Disclosure of utility model

In order to reduce the possibility of larger impact at the end of the opening of the solar wing span and further reduce damage to the solar wing, the application provides a locking and unlocking mechanism of a rigid solar wing.

The application provides a locking and unlocking mechanism of a rigid solar wing, which adopts the following technical scheme:

The locking and unlocking mechanism of the rigid solar wing comprises a clamping hook arranged on the rigid solar wing, a clamping groove arranged on the satellite main body for clamping and embedding the clamping hook, and a hinge arranged between the rigid solar wing and the satellite main body, wherein an unlocking piece for separating the clamping hook from the clamping groove is arranged in the clamping groove; the hinge comprises a fixed plate arranged on the satellite main body, a rotating plate arranged on the rigid solar wing and rotationally connected with the fixed plate, a rotating piece arranged on the rotating plate and rotationally opened and closed relative to the fixed plate, and a buffer piece arranged between the fixed plate and the rotating plate.

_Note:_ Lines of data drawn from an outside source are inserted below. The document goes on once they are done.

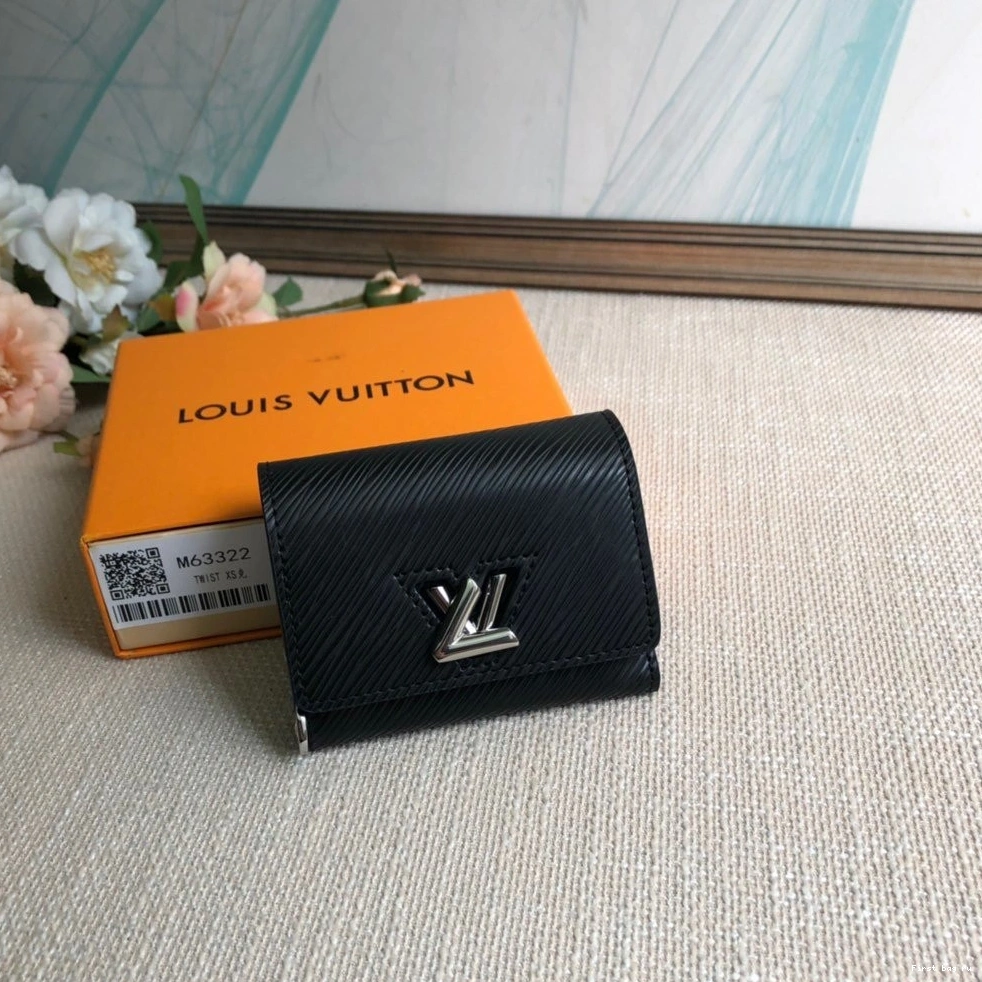 First bag ru WALLET TWIST LOUIS VUITTON 0813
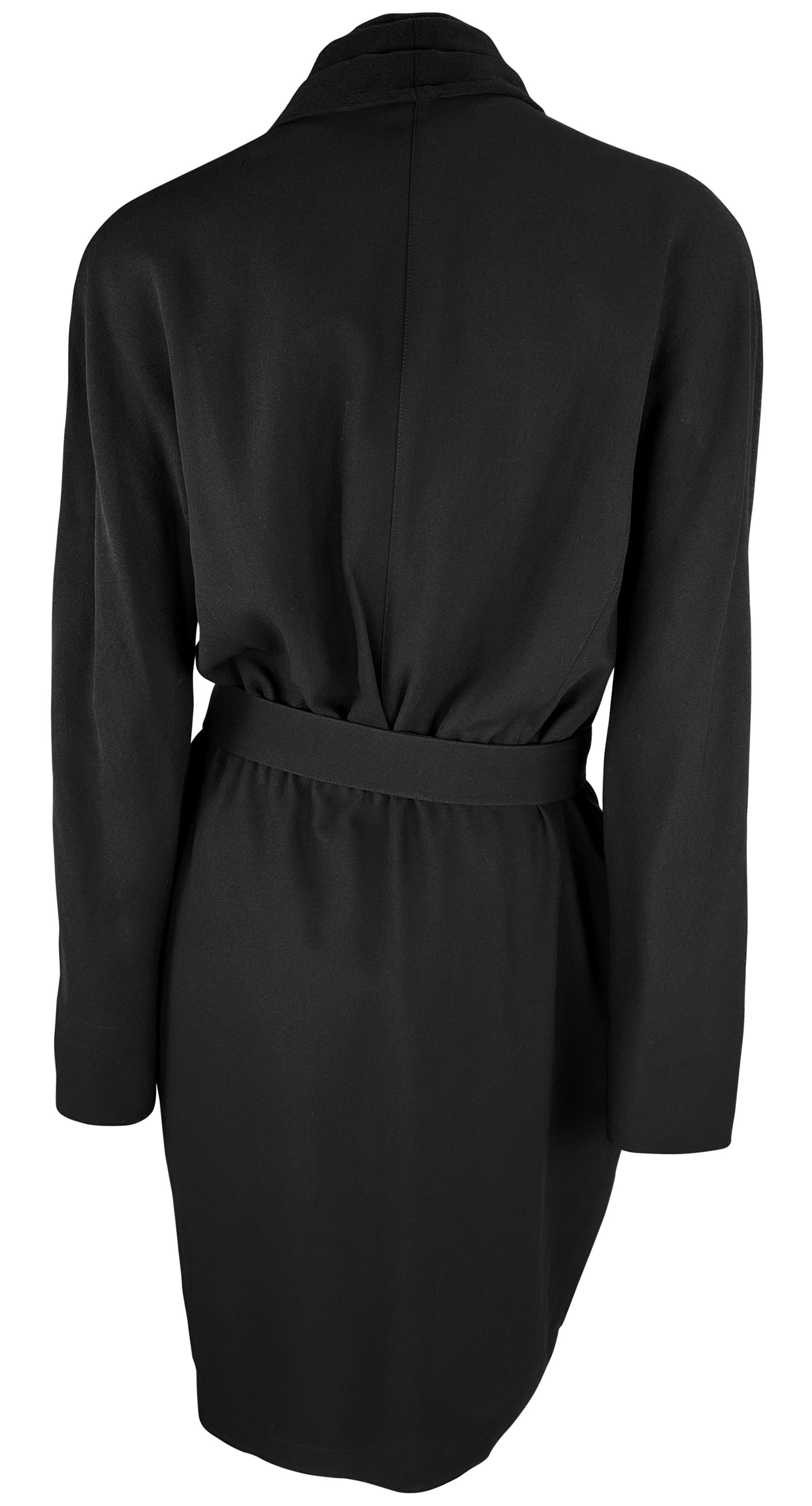 Donna A/I 1996 Thierry Mugler, colletto a scialle, fibbia a forma di cavallo, abito a portafoglio nero in vendita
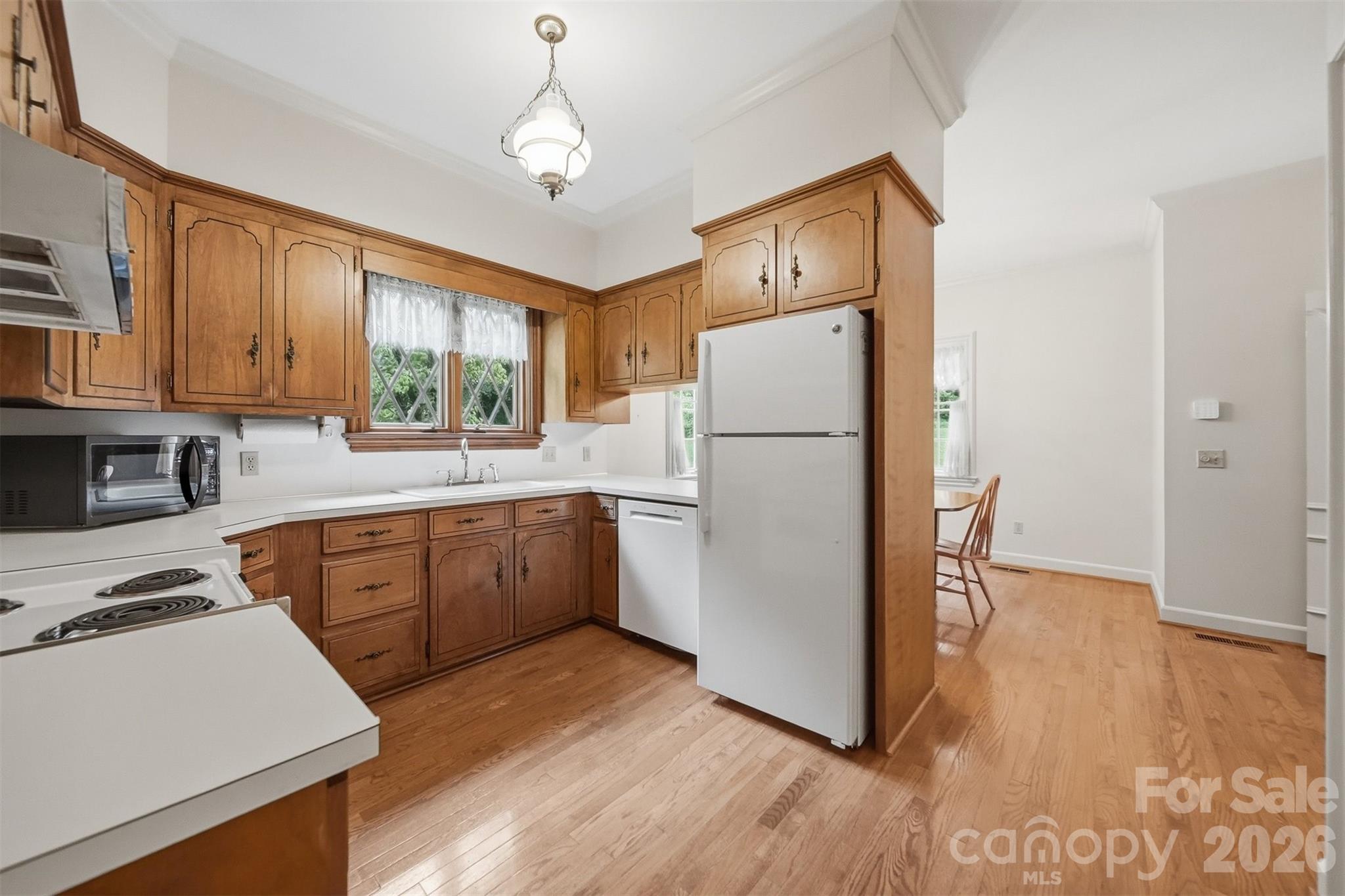 2373 Wilkesboro Boulevard — Lenoir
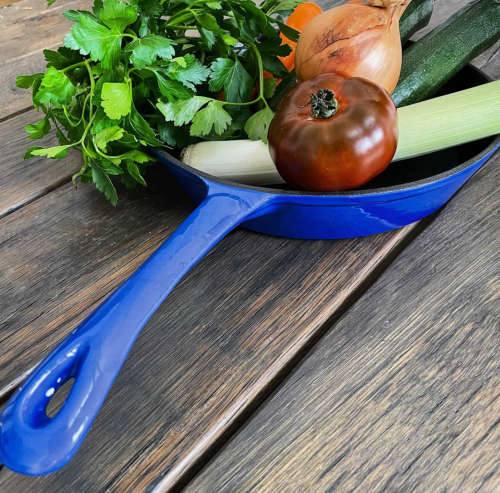 Gourmand Cast Iron Round Skillet - Blue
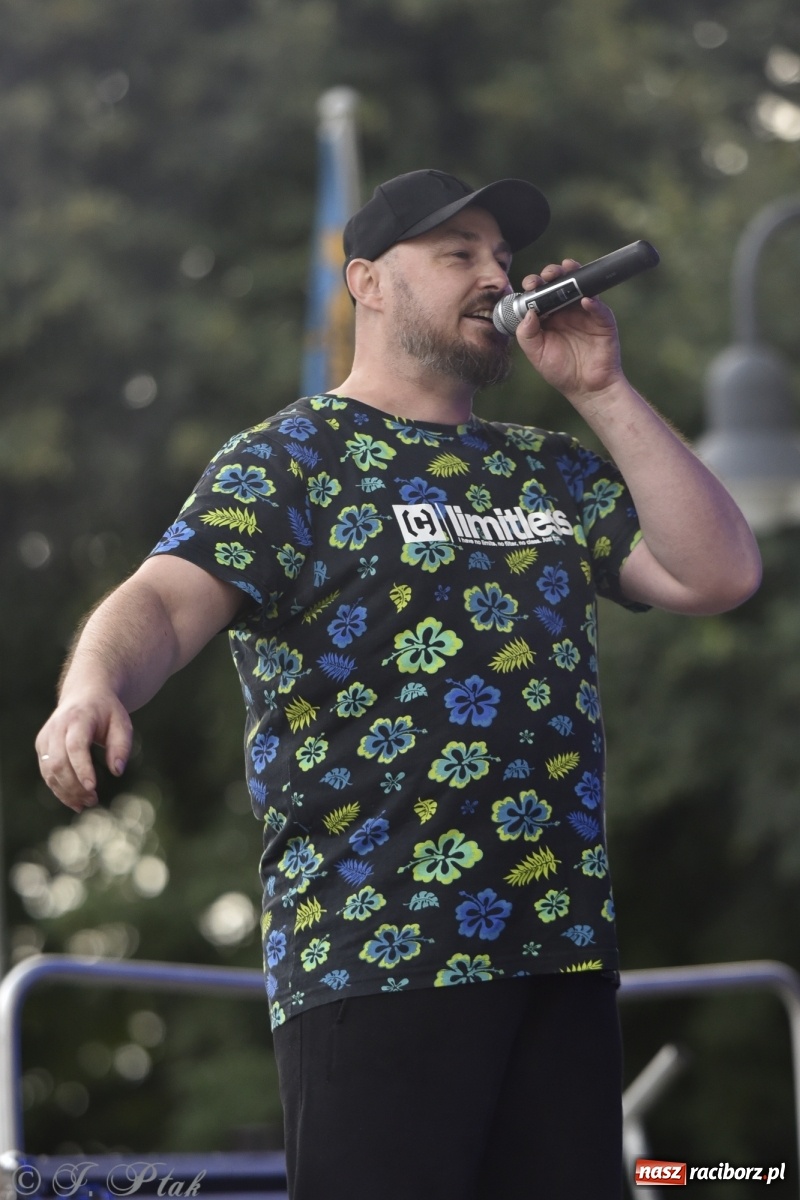 Zdjęcie w galerii na portalu naszraciborz.pl: Koncert z okazji 10-lecia zespołu BARTNICKY za nami wiadomości z regionu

Through adopting above-mentioned technical scheme, after satellite main part 2 goes into orbit, through release 41 with make pothook 3 break away from in draw-in groove 4, and then make the solar wing expand under hinge 5's effect, at this moment through being provided with buffer 54 between fixed plate 51 and rotor plate 52, can be to receiving rotor 53 so that rotor plate 52 can alleviate certain impact force when opening and shutting ground rotation for fixed plate 51 to reduce rigid solar wing end-of-span and open the possibility that has great impact, and then with the damage to rigid solar wing.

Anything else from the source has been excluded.